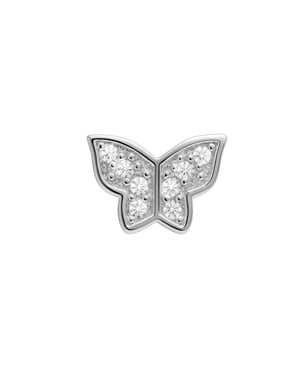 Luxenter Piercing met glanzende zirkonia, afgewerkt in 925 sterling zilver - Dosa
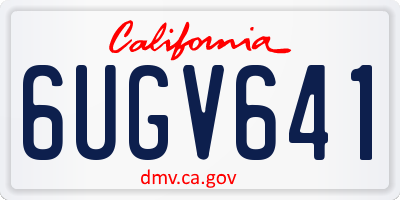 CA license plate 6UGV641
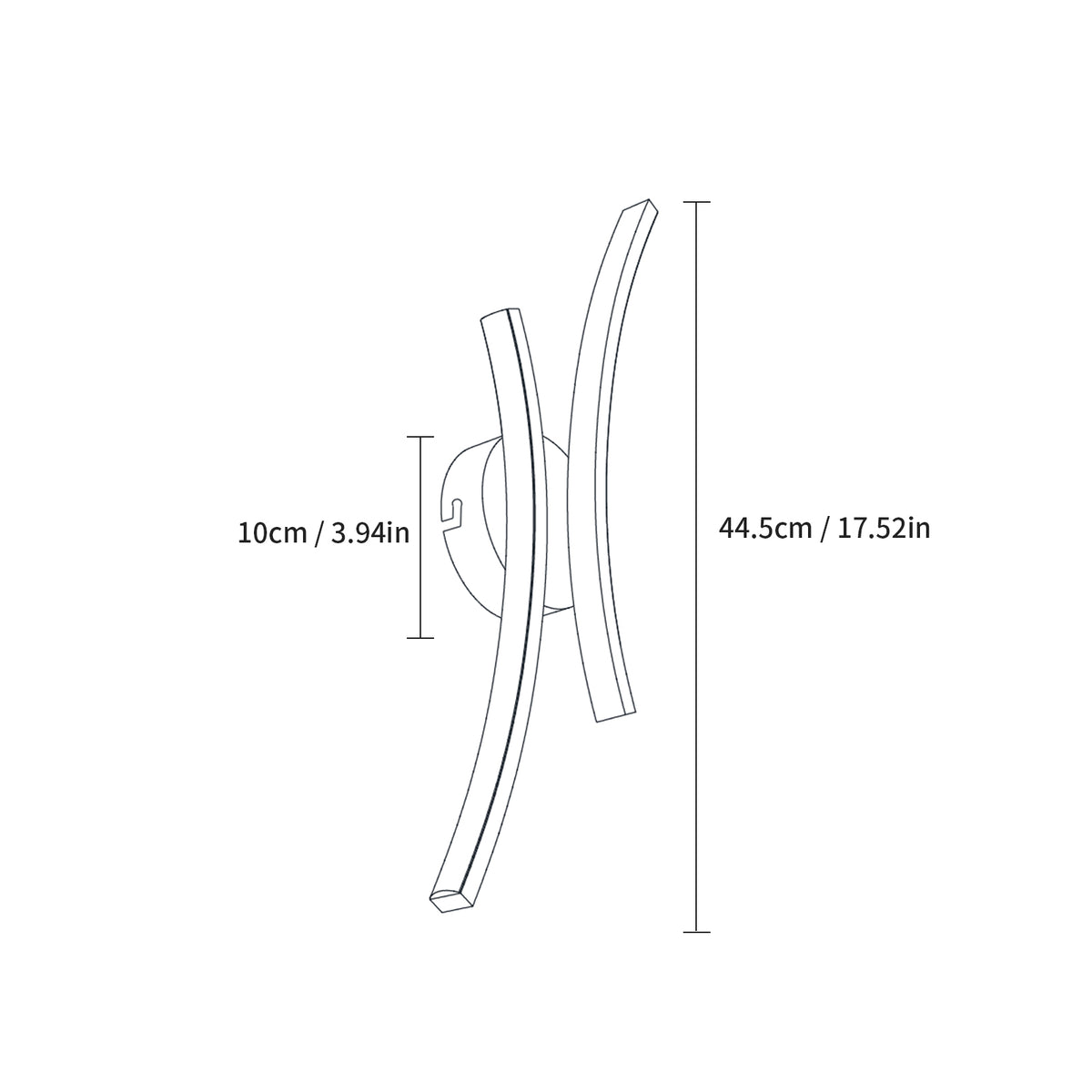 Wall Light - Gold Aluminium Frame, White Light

=-=-=-=-=

--- Problem description ---
Give the listing above again in its entirety, exactly as written and free of images.

--- Solution for this problem ---
 Luxenter Piercing met glanzende zirkonia, afgewerkt in 925 sterling zilver - Dosa
 CA license plate 6UGV641
 Wall Light - Gold Aluminium Frame, White Light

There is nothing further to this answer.